Does it cook for me? Or does it cook for itself? Who can really say? It’s just a machine. It will trundle through a set of instructions, but does it feel anything when it gets to the end of the code? And if it doesn’t, isn’t that probably for the best? The oft-fictionalised scenario is about a machine intelligence refusing to do something, but imagine the a more apathetic scene. “Nah,” says the Cook4Me. “I cooked for you yesterday.”
Ah, kind of reminds me of Microsoft Windows 95. Doesn’t it? (For our younger readers, 95 had many of the same problems as Windows 8.1, but without the routine where Windows attempts to find a solution to your problem, then freezes, then reports that it hasn’t. Ridiculous.)
Anyway, the Cook4Me is neither besmirched with Turing-level intelligence nor running Windows 95. It is a cooking, browning, boiling and steaming one-pot wonder and it’s pre-loaded with 50 sweet and savoury dishes, all of which contain a maximum of six ingredients. You just choose your dish, follow the on-screen instructions regarding the what-and-when of the ingredients and within minutes tuck into a tasty tagliatelle or perfect paella.

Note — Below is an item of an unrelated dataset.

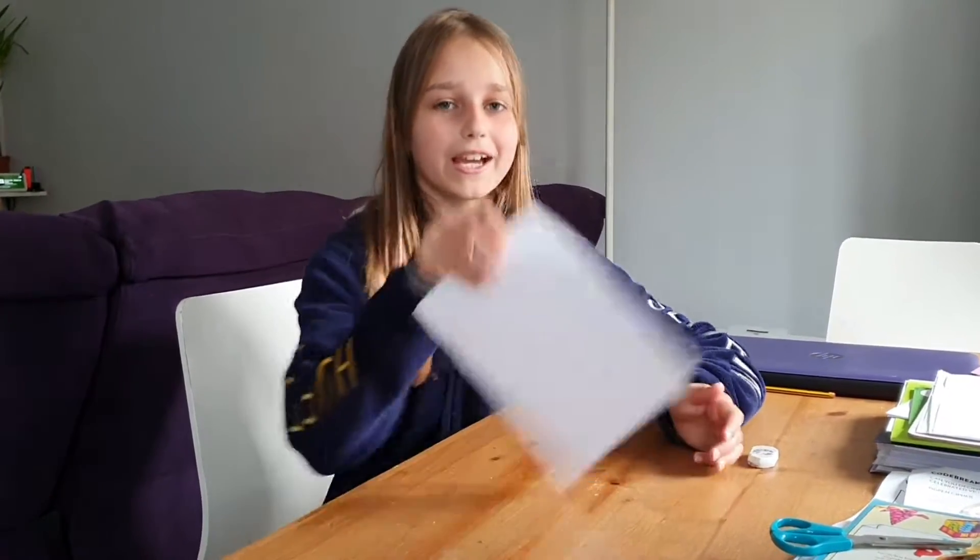Hello, welcome back to How To With Miley. Today we are going to be making a paper plane.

I think I can manage a pasta dish without a robo-cook. But not everyone enjoys the idyllic, time-saturated geek existence that you’ve fashioned for yourself. For a busy family, this thing that can knock up a tasty dinner for many – that can keep dishes warm for up to 90 minutes or be delay-started automagically up to 15 hours in advance – might be just the thing.
Just like the Tefal ActiFry before it, there’s a growing community of people sharing recipes to do in the Cook4Me, and that means it’ll stay fresh even after the taste of the £250 (S$508) spend at exclusive retailer Lakeland has long faded.